##### Data for this exercise #####
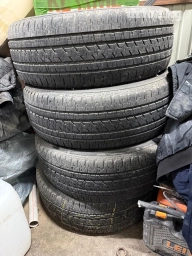 Шины 255 / 55 / R 20, Всесезонная, Б/у, Комплект, Внедорожные (АТ/МТ), Япония, Bridgestone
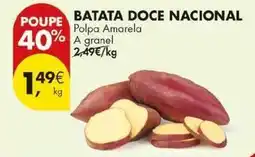 Pingo Doce A+ - batata doce nacional promoção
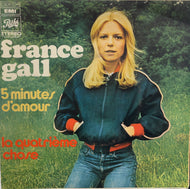 FRANCE GALL / 5 Minutes D'amour / La Quatrième Chose ( Pathé 7inch)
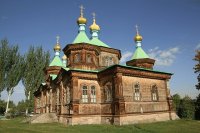 Trinity Cathedral Karakol Kyrgyzstan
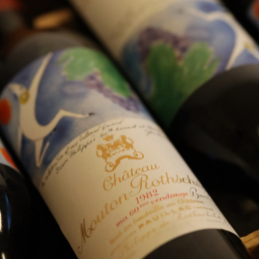 Top-rated wines from 1982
#####
Your objective:
Print the lines from the line with "Pingo Doce A+" to the end of the data above. Include both ends, exclude the pictures, and add nothing else.

Response box:
 Pingo Doce A+ - batata doce nacional promoção
 FRANCE GALL / 5 Minutes D'amour / La Quatrième Chose ( Pathé 7inch)
 Trinity Cathedral Karakol Kyrgyzstan
 Top-rated wines from 1982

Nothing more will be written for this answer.